Venía el Poncho K, y nos liábamos a empujones en la única puerta enrejada que había de acceso al corral, como auténticos locos emborregados.
Ahora no, ahora las entradas son más tranquilas, además hay dos, la original de los borregos y la escalinata de exhibición de la colección primavera-verano, obviamente más frecuentada que la anterior.
Nos pegábamos por llegar los primeros a la barra pá pedir donde tres tíos repartían copas a pares.
Ahora hay señoritas, bastante más finas, las típicas sombrilleras de cualquier circuito de Fórmula 1, que se pegan media horita para servirte, sin apenas aglomeración y que distinguen el whishy de la cerveza porque el primero tiene espuma (o al revés).
Antes una nube plomiza de humo amarihuanado o de costo petrolero inundaba la estancia.
Ahora un calabobos de cirros de Marlboro o Camel alquitranado se han adueñado del aire.
Antes olía a sudor, algunas veces a Nenuco y a veces hasta a Calvin Klein.
Ahora es un tremendo coctel molotov de Paco Rabanne, Cocó Chanel o Adolfo Domínguez, (sinceramente eso es más agradable que antes), pero es que todo junto produce una sensación alérgica de revoltijo gástrico que pá que.
De vez en cuando sonaba Extremoduro, algo de AC/DC, pero ahora ya tenemos bastante con Conchita, Paulina y Nena Daconte, que nos tienen colgados en sus manos…ay Dios.
Ya no se ven camisetas de SKA-P o “Joé que caló”, se las debe de haber comido el jodido cocodrilo.
Eso si, se mantienen cosas en el ambiente como el de hace unos años: las asquerosas patillas que antes eran de los rockeros, los antiestéticos vaqueros pitillos que antes eran de los punkis, las sucias melenas que antes eran de los heavys y las olorosas semibotas albinegras que antes eran de Emilio Aragón.
Algo está cambiando en el corral, cuando las cigüeñas se piran pá que pasen las gaviotas.
Ja, ja, ja…que de puta madre!! Es buenísimo el artículo tio, y que verdad es…donde han quedado aquellos días de buena música y mejor ambiente?? Ahora es una mierda más del montón!!
Pero al pastor le sudan los güevos que en su corral haya churras o merinas, el se sigue forrando!!
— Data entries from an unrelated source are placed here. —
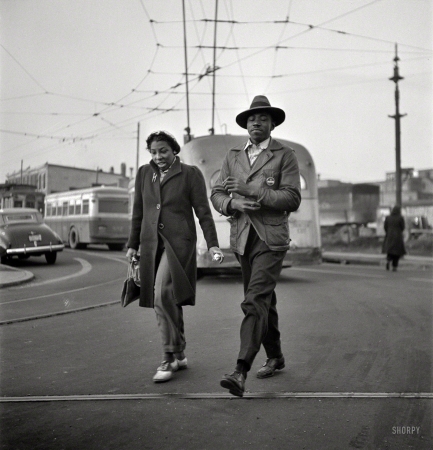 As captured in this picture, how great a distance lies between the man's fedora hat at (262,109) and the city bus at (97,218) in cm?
2221

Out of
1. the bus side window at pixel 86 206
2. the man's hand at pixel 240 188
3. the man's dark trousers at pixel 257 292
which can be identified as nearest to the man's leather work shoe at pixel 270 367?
the man's dark trousers at pixel 257 292

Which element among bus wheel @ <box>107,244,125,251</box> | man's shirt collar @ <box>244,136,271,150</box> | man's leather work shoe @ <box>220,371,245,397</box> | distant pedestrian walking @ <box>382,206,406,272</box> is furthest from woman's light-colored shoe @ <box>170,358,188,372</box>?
bus wheel @ <box>107,244,125,251</box>

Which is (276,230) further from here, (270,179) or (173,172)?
(173,172)

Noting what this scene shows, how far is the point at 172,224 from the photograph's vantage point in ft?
14.5

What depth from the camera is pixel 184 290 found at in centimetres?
435

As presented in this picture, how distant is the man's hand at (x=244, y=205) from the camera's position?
3934 millimetres

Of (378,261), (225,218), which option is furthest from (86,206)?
(225,218)

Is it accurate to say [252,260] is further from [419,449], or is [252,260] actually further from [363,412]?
[419,449]

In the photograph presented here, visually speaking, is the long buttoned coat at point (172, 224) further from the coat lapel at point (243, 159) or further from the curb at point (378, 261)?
the curb at point (378, 261)

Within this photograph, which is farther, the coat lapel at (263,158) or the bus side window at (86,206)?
the bus side window at (86,206)

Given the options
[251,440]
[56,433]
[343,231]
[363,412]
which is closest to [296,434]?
[251,440]

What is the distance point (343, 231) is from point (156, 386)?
35961mm

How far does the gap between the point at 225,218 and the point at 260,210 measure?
7.10 meters

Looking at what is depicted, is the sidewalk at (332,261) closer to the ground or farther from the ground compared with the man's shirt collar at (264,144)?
closer to the ground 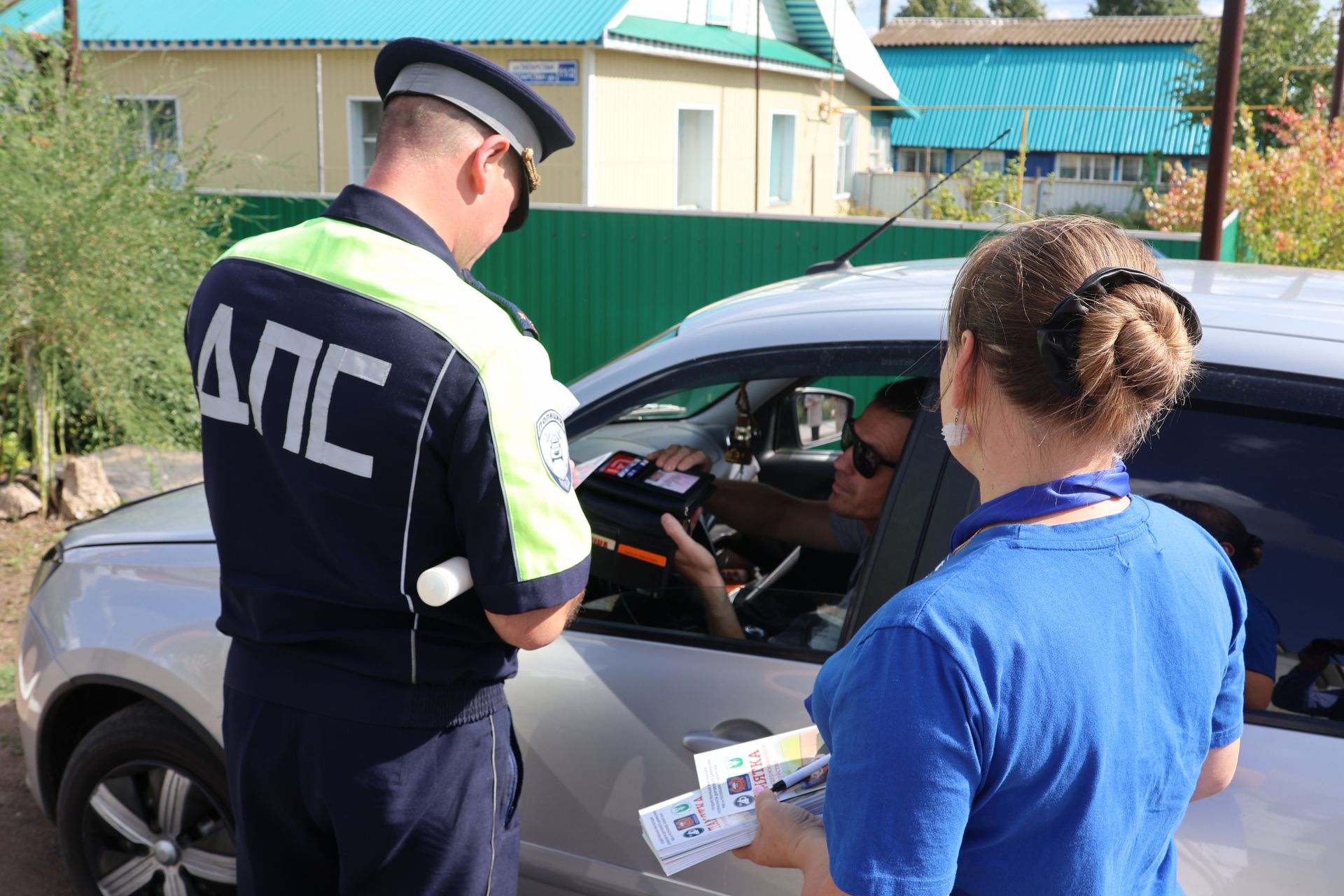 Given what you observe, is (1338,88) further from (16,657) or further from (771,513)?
(16,657)

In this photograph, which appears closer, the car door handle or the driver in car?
the car door handle

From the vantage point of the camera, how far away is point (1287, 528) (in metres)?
1.80

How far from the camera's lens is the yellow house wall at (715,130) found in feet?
48.0

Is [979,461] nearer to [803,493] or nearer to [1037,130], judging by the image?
[803,493]

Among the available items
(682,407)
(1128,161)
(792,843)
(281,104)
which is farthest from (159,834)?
(1128,161)

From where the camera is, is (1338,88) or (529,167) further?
(1338,88)

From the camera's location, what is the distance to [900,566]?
2031 mm

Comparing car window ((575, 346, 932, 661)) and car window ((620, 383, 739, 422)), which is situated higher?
car window ((620, 383, 739, 422))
Es cierto lo que dices de las modas, la gente somos como ovejas vamos en rebaños hoy aqui y mañana allí. Esta mu bien analizado, si te paras a pensarlo, es verdad que ha cambiao el ambiente del corral en los últimos tiempos eh? jaja, la verdad que un artículo muy gracioso y cierto, yo soy de las que va ahora pero es verdad lo que comentas y para nada ofensivo ni molesto para nadie. Enhorabuena Raül, espero que nos sigas haciendo pasar buenos ratos como este!!
Saludos!!
por no hablar del precio de la copa y el dolor de cabeza con el que te hace levantar…
pura basura garrafonera q nos cobran a precios abusivos!! q se jodan y que se quede el nido vacío!